Key lessons from Log4j:
- Know your dependencies. Without an SBOM, you cannot quickly determine your exposure.
- Transitive dependencies matter. Log4j was rarely a direct dependency — it was pulled in by other libraries.
- Patch speed is critical. Organizations with automated dependency scanning and update pipelines patched within hours. Others took weeks.
- Minimize dependencies. Every dependency is a liability. If you can accomplish something with standard library code, prefer that.
Keeping Dependencies Minimal & Updated
Audit before adding. Before installing a new package, check its maintenance status, download count, dependency count, and security track record. A package that pulls in 50 transitive dependencies for a simple utility function is not worth the risk.
Remove unused dependencies. Regularly audit for packages that are imported but never used, or that were added for a feature that was later removed. Tools like depcheck (npm) help identify unused packages.
Pin versions in production. Use lock files (package-lock.json, Pipfile.lock, Cargo.lock) to ensure reproducible builds. Never deploy with floating version ranges.

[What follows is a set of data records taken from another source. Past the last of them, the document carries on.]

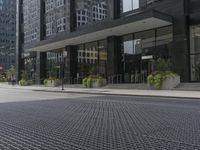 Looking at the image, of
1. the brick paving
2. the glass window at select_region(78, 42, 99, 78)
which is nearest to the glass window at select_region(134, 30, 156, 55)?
the glass window at select_region(78, 42, 99, 78)

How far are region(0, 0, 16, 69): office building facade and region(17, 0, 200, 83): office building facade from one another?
72379 millimetres

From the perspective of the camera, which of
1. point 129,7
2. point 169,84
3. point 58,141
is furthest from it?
point 129,7

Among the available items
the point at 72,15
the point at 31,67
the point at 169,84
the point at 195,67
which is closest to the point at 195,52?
the point at 195,67

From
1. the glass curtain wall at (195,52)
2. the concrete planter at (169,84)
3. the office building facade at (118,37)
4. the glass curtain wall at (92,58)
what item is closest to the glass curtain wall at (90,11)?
the office building facade at (118,37)

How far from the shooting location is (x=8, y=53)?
13300 cm

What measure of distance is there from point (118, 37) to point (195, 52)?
11.2 m

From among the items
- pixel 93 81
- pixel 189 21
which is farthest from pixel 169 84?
pixel 93 81

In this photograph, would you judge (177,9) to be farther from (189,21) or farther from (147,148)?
(147,148)

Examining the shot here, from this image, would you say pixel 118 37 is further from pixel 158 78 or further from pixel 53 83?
pixel 158 78

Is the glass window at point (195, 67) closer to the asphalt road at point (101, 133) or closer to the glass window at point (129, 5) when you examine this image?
the glass window at point (129, 5)

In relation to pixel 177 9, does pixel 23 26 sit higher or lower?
higher

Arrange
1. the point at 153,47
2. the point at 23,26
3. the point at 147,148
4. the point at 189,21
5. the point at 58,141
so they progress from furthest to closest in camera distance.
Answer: the point at 23,26
the point at 153,47
the point at 189,21
the point at 58,141
the point at 147,148

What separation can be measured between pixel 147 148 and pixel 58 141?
1.89 meters

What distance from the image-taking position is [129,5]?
39.9m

Update regularly. Do not let dependencies go months without updates. The longer you wait, the harder updates become and the longer you are exposed to known vulnerabilities.
Common Pitfalls
- Ignoring audit output. Running
npm auditand seeing 50 vulnerabilities becomes background noise if never addressed. Set a policy: zero critical and high vulnerabilities in production. - Updating only direct dependencies. Transitive dependency vulnerabilities are just as dangerous. Tools like
npm auditand Snyk trace the full dependency tree. - Auto-merging major version updates. Only auto-merge patch updates. Major and minor updates may include breaking changes that require code modifications.
- Not generating SBOMs. When the next Log4j happens, you need to know within minutes whether you are affected, not within weeks.
- Treating dependency updates as low priority. Security patches are time-sensitive. A known vulnerability with a published CVE is actively being exploited within days of disclosure.
Key Takeaways
- Your dependencies are your attack surface — every transitive package is a potential vulnerability.
- Use ecosystem-specific audit tools: npm audit, pip-audit, cargo-audit.
- Automate updates with Dependabot, Snyk, or Renovate to keep dependencies patched.
- Generate and maintain SBOMs so you can quickly assess exposure when new vulnerabilities are disclosed.
- The Log4j incident proved that a single transitive dependency can compromise the entire internet.
- Minimize dependencies, pin versions, remove unused packages, and update regularly.
- Dependency scanning complements SAST and pentesting — it covers a different part of the attack surface.